### What you need to do
Return the records below exactly; pictures stay out.

### Input data
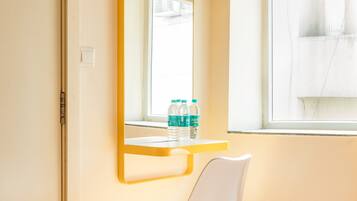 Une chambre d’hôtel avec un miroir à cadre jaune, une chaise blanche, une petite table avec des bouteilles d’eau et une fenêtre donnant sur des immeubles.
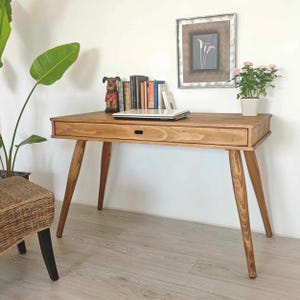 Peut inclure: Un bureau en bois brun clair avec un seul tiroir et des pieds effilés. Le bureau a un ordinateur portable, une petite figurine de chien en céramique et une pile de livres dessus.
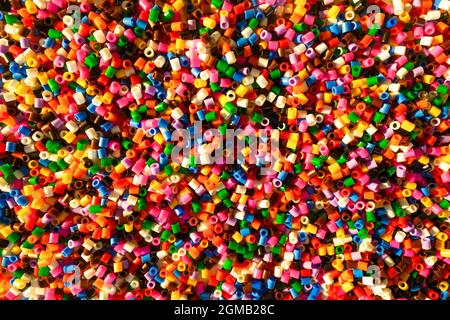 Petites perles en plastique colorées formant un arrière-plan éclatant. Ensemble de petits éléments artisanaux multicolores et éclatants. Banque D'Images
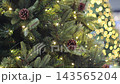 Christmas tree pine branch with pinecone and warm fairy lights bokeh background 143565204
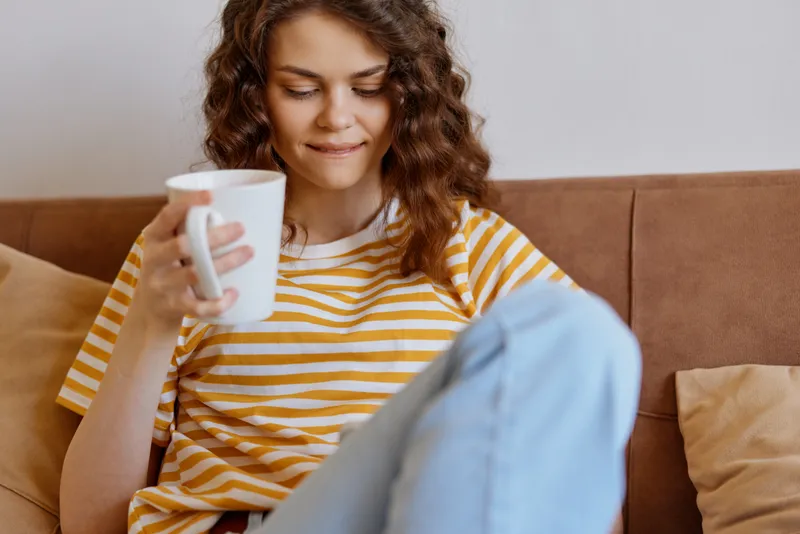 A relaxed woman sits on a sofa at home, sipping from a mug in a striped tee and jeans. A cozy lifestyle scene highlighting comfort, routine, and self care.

### Exercise response
 Une chambre d’hôtel avec un miroir à cadre jaune, une chaise blanche, une petite table avec des bouteilles d’eau et une fenêtre donnant sur des immeubles.
 Peut inclure: Un bureau en bois brun clair avec un seul tiroir et des pieds effilés. Le bureau a un ordinateur portable, une petite figurine de chien en céramique et une pile de livres dessus.
 Petites perles en plastique colorées formant un arrière-plan éclatant. Ensemble de petits éléments artisanaux multicolores et éclatants. Banque D'Images
 Christmas tree pine branch with pinecone and warm fairy lights bokeh background 143565204
 A relaxed woman sits on a sofa at home, sipping from a mug in a striped tee and jeans. A cozy lifestyle scene highlighting comfort, routine, and self care.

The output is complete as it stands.